## TASK DESCRIPTION
An exact transcription of the listing, without its images, is what the answer must contain.

## GIVEN INFORMATION
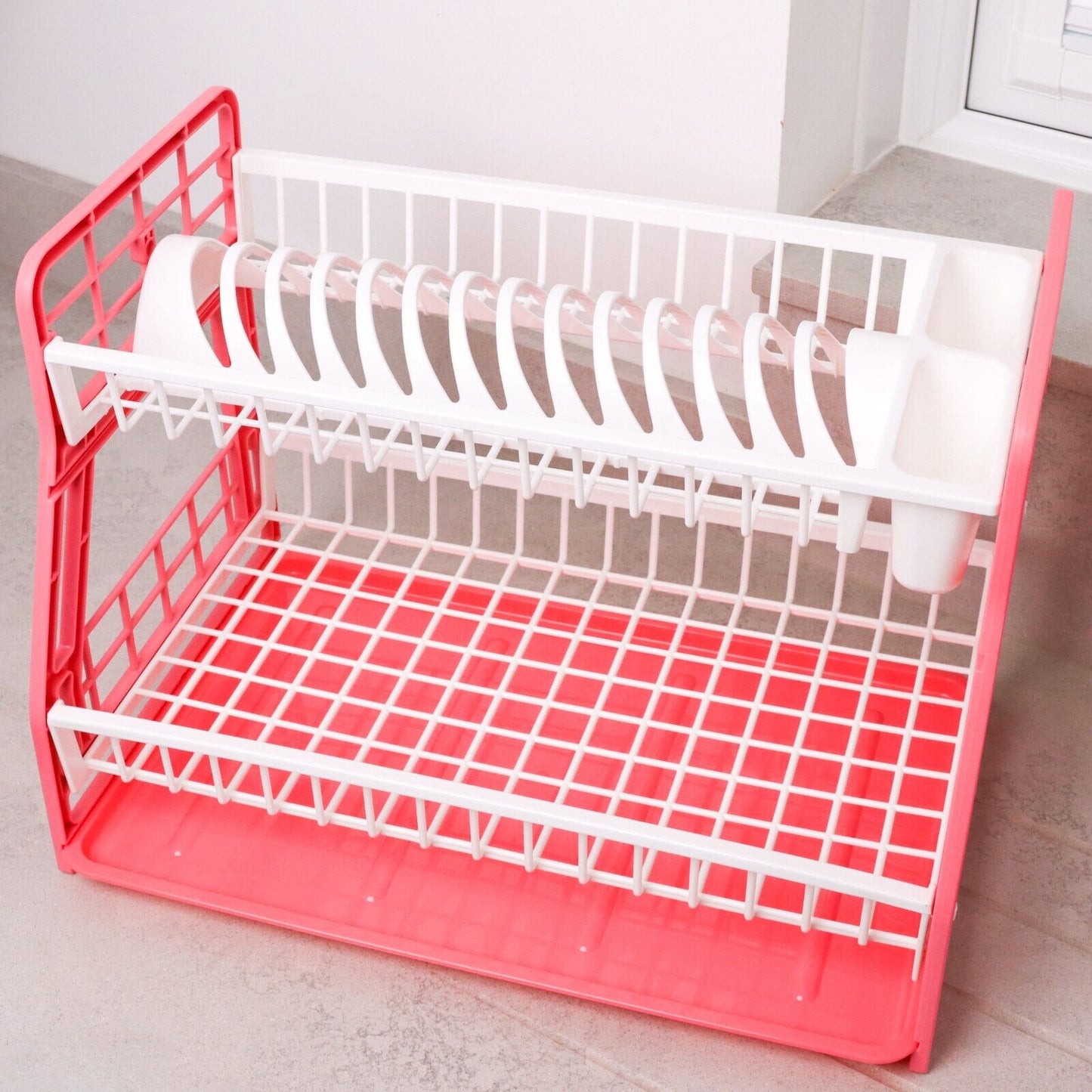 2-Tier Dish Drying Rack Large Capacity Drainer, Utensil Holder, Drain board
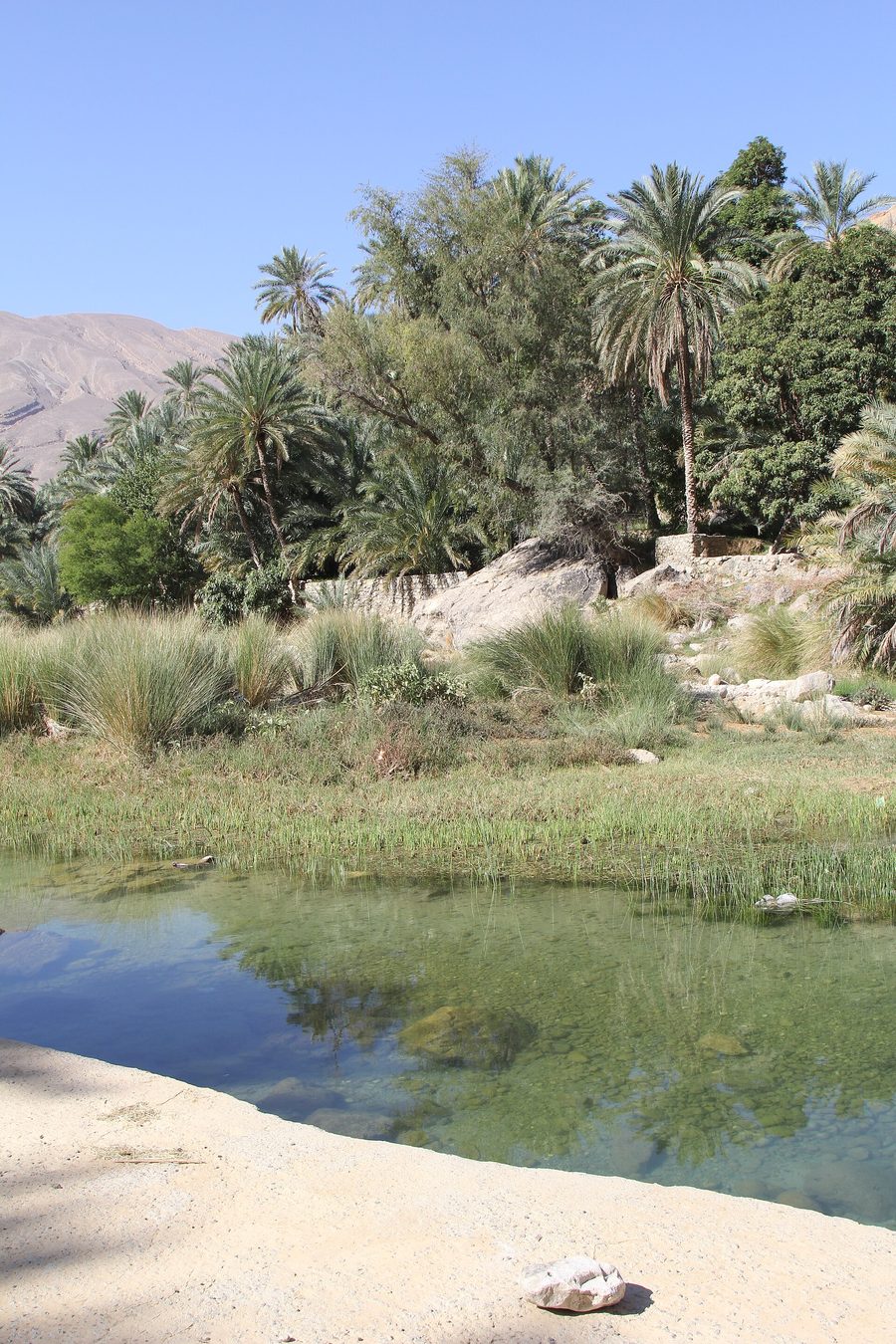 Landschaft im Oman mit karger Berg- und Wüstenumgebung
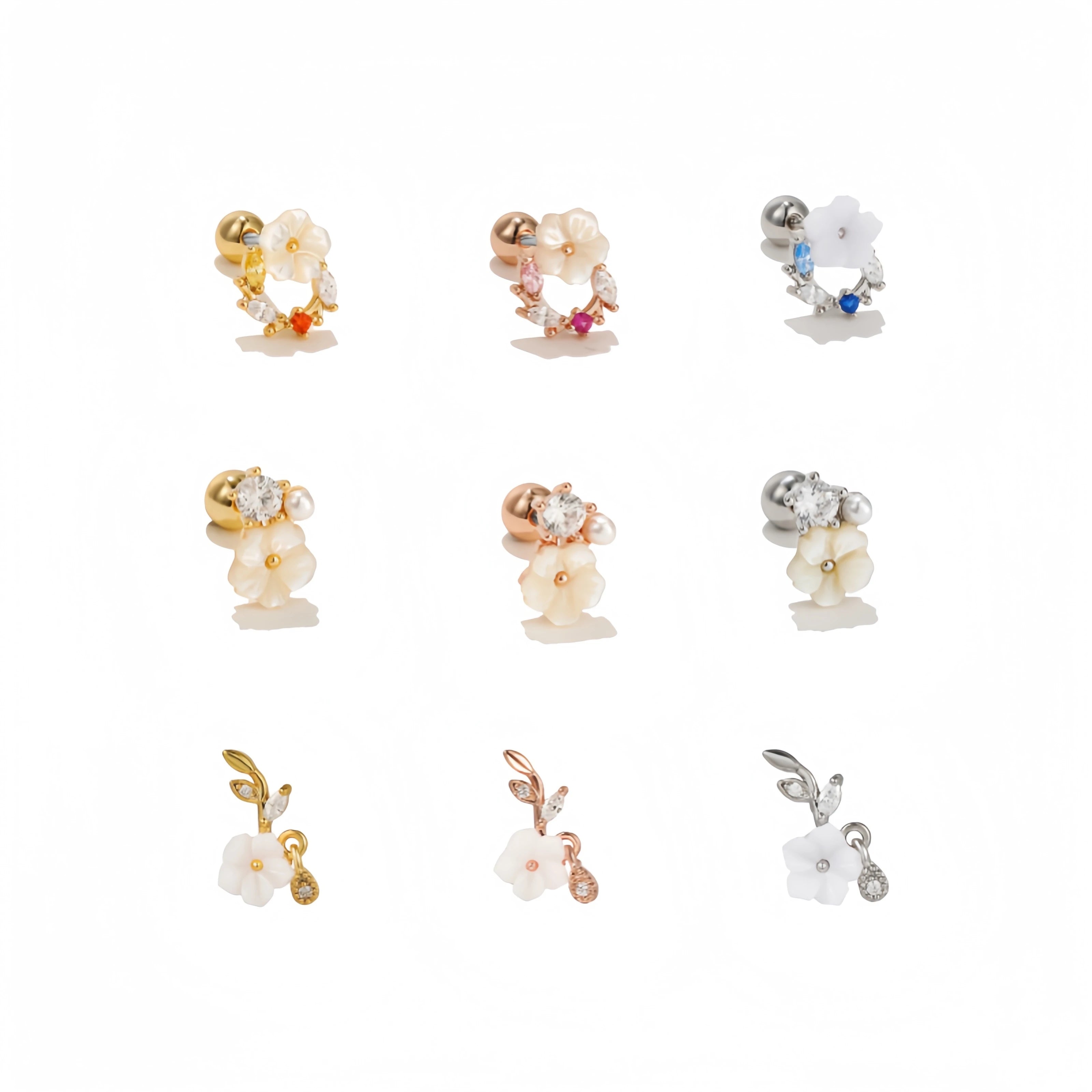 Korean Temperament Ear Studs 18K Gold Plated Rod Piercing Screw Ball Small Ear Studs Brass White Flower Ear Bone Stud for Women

## COMPLETED EXERCISE
 2-Tier Dish Drying Rack Large Capacity Drainer, Utensil Holder, Drain board
 Landschaft im Oman mit karger Berg- und Wüstenumgebung
 Korean Temperament Ear Studs 18K Gold Plated Rod Piercing Screw Ball Small Ear Studs Brass White Flower Ear Bone Stud for Women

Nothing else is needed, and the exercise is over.